**What is required**
Retype, exactly as they appear below, the lines between the line holding "Tobyguy1984 Calling out" and the line holding "Vintage Galerie Alexandre", both ends included.

**Collection entries**
====================

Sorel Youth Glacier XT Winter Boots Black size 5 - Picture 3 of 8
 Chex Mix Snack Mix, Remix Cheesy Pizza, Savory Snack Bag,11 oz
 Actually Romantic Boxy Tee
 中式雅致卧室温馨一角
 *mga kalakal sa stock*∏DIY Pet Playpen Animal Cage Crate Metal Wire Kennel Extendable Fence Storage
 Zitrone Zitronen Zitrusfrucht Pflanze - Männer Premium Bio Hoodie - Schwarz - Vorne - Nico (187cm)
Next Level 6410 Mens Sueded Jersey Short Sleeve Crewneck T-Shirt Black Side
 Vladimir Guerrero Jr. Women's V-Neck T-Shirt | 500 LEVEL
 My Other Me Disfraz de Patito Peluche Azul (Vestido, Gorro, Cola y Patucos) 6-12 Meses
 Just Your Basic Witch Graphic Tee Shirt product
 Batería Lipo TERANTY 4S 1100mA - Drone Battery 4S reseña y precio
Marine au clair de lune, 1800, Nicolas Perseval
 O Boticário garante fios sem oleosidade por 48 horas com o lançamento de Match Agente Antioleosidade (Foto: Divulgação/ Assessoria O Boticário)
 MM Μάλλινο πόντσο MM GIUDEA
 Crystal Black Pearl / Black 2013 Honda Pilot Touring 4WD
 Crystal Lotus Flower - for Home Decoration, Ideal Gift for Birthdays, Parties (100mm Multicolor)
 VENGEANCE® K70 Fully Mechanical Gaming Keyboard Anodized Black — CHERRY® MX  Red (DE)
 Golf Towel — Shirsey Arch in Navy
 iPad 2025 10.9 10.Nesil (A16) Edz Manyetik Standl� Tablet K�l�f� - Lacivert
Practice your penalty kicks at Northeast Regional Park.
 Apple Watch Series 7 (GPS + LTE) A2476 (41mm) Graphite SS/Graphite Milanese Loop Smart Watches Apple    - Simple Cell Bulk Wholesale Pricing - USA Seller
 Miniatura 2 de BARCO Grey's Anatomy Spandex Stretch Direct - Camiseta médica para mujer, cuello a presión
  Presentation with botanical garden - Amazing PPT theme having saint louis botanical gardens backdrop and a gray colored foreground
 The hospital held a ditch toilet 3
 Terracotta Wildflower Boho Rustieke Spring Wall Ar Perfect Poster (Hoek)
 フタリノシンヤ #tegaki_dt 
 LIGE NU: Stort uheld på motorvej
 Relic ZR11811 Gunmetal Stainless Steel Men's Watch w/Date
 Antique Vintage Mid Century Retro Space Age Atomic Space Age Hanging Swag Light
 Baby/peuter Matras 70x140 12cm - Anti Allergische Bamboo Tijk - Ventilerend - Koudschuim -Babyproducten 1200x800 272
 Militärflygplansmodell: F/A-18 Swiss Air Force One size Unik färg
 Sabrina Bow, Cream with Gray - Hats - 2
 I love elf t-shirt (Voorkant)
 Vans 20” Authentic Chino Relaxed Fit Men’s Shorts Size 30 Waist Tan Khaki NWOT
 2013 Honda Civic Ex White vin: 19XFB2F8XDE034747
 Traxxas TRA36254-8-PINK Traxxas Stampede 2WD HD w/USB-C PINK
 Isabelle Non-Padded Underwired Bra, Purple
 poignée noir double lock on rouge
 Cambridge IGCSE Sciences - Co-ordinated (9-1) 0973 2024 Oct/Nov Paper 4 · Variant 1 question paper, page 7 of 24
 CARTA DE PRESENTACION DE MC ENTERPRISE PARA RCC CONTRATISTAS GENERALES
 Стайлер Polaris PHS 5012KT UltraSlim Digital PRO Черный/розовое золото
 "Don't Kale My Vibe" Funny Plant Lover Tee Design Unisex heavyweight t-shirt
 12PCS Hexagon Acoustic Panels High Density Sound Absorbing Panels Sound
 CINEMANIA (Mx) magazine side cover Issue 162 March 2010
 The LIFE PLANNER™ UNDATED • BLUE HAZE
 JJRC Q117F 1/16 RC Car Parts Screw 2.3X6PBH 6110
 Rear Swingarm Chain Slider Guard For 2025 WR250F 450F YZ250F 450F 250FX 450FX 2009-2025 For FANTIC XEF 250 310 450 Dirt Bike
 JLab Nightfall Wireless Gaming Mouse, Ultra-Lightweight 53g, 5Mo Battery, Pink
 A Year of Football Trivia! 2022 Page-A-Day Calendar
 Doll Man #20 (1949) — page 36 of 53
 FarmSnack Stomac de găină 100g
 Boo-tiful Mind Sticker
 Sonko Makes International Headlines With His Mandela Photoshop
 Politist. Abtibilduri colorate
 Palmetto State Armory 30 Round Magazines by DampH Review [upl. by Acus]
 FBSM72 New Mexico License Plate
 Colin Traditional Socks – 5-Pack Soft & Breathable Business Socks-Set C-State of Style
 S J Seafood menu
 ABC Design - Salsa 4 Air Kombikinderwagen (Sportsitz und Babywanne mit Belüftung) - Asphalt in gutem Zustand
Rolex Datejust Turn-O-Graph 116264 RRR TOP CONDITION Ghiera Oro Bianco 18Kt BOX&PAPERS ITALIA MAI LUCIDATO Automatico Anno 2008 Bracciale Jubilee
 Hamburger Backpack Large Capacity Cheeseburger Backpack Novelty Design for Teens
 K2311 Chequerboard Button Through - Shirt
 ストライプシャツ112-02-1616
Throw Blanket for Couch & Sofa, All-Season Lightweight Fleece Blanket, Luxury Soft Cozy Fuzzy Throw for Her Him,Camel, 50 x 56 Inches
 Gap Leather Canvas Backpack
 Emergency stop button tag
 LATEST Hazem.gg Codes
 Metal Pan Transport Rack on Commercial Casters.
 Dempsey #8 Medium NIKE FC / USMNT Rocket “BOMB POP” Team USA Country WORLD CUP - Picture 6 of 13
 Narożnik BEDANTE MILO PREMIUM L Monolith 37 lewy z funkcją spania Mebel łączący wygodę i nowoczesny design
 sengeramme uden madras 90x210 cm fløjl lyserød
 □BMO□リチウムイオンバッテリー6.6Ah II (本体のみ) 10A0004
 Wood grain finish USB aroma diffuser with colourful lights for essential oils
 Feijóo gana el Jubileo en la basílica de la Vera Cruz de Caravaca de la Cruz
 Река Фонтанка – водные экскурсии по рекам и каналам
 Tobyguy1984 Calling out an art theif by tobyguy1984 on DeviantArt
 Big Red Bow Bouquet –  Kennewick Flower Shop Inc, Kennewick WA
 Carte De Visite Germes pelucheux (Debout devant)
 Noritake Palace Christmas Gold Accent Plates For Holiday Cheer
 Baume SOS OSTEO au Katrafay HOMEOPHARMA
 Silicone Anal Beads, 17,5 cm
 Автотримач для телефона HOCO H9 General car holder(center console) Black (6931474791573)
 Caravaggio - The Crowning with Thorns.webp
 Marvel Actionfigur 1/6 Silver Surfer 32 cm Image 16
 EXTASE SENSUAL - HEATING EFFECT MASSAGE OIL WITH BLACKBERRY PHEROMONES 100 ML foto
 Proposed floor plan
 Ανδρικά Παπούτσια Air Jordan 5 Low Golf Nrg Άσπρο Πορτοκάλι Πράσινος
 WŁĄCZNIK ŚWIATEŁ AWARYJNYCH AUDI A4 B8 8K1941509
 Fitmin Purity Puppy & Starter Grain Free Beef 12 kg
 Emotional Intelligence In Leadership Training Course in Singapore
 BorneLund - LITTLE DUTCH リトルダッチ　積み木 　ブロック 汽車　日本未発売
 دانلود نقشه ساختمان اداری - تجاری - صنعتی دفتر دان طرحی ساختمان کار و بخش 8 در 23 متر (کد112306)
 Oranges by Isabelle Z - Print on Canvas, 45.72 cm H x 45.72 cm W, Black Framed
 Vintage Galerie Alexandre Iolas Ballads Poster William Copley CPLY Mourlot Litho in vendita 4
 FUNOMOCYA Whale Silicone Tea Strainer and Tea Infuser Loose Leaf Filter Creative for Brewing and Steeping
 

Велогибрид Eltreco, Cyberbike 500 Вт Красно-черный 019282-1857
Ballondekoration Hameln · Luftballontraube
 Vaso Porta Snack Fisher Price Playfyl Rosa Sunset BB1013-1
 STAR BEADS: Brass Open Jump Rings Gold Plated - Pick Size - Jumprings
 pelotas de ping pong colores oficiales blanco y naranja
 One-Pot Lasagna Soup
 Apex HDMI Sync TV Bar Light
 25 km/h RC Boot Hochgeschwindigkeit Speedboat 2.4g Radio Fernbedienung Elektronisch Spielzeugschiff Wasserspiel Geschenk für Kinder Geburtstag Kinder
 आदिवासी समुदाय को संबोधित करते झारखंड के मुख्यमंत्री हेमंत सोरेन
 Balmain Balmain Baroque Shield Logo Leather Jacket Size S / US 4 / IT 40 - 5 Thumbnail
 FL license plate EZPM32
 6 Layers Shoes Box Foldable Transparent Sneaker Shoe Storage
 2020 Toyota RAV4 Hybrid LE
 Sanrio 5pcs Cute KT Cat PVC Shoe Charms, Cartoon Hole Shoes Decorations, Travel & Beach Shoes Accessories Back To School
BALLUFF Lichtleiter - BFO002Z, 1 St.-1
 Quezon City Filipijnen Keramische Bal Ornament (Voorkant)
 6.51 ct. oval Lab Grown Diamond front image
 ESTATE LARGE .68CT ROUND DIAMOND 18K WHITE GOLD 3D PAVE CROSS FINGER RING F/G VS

====================

**Output**
 Tobyguy1984 Calling out an art theif by tobyguy1984 on DeviantArt
 Big Red Bow Bouquet –  Kennewick Flower Shop Inc, Kennewick WA
 Carte De Visite Germes pelucheux (Debout devant)
 Noritake Palace Christmas Gold Accent Plates For Holiday Cheer
 Baume SOS OSTEO au Katrafay HOMEOPHARMA
 Silicone Anal Beads, 17,5 cm
 Автотримач для телефона HOCO H9 General car holder(center console) Black (6931474791573)
 Caravaggio - The Crowning with Thorns.webp
 Marvel Actionfigur 1/6 Silver Surfer 32 cm Image 16
 EXTASE SENSUAL - HEATING EFFECT MASSAGE OIL WITH BLACKBERRY PHEROMONES 100 ML foto
 Proposed floor plan
 Ανδρικά Παπούτσια Air Jordan 5 Low Golf Nrg Άσπρο Πορτοκάλι Πράσινος
 WŁĄCZNIK ŚWIATEŁ AWARYJNYCH AUDI A4 B8 8K1941509
 Fitmin Purity Puppy & Starter Grain Free Beef 12 kg
 Emotional Intelligence In Leadership Training Course in Singapore
 BorneLund - LITTLE DUTCH リトルダッチ　積み木 　ブロック 汽車　日本未発売
 دانلود نقشه ساختمان اداری - تجاری - صنعتی دفتر دان طرحی ساختمان کار و بخش 8 در 23 متر (کد112306)
 Oranges by Isabelle Z - Print on Canvas, 45.72 cm H x 45.72 cm W, Black Framed
 Vintage Galerie Alexandre Iolas Ballads Poster William Copley CPLY Mourlot Litho in vendita 4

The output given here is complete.